As the Crow Flies & Co is a little family business in West Philadelphia run by Mike and Wilder Scott-Straight. Married for almost ten years, they started As the Crow Flies & Co five years ago combining their efforts. Mike has been making jewelry for over 20 years since he was a youth vending stained glass jewelry on Telegraph Ave in Berkeley, Ca. Wilder technically could have met him then, as they both moved to the Bay Area at the same time, lived in the same neighborhood and frequented the same places. That however, wasn’t meant to be and they didn’t meet until 10 years later when they had both gone back to the east coast and discovered a mutual love of all things old and the joys of flea marketing together. That joy led to Wilder’s vintage plate collection, which led to much of the jewelry that Mike makes today.
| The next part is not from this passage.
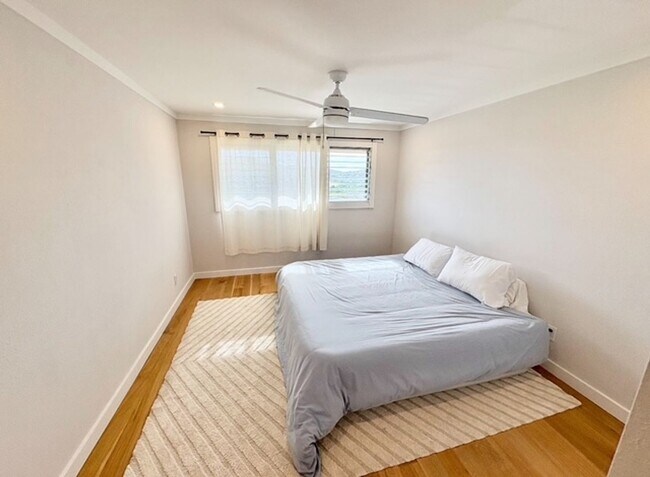 Building Photo - 3 Bedroom, 2 Bathroom Townhouse with a Lak...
The story goes, that one of Wilder’s favorite calendar plates fell and broke. Mike who up until that time had just made stained glass jewelry thought maybe he could make something for her with the broken shards. He made a piece for her and a few more too and soon he was looking around to see what other plates were damaged enough to cut up.
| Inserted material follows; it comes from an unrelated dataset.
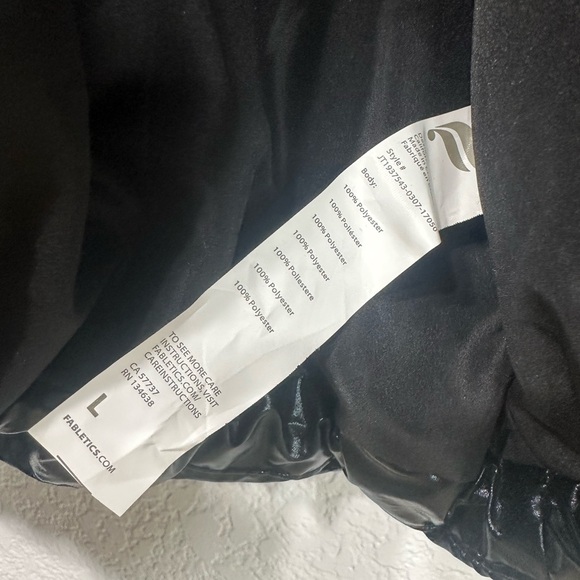 Black Cropped Puffer Jacket Women’s Size Large - Picture 8 of 8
Over the last 7 years he’s perfected his technique and his eye. He looks for interesting images and patterns, cropping them carefully from the original plate. He tries to find the stories in these images and hopes you can see them too. He has a love of all things nautical so ships and lighthouses always abound as do birds. By choosing already damaged plates from flea markets to work with, he brings new life to an otherwise discarded object.
Vintage dishes are storytellers, steeped in history. The original makers in Europe and the US have a fascinating past to them, as do many of the patterns and the places they came from. The original owners, and their stories also have tales to tell. Mike does a lot of custom work from family dishes that have been well loved over time. By making the broken shards into necklaces, earrings and cuff links, families can keep the memories and have something uniquely wearable to show.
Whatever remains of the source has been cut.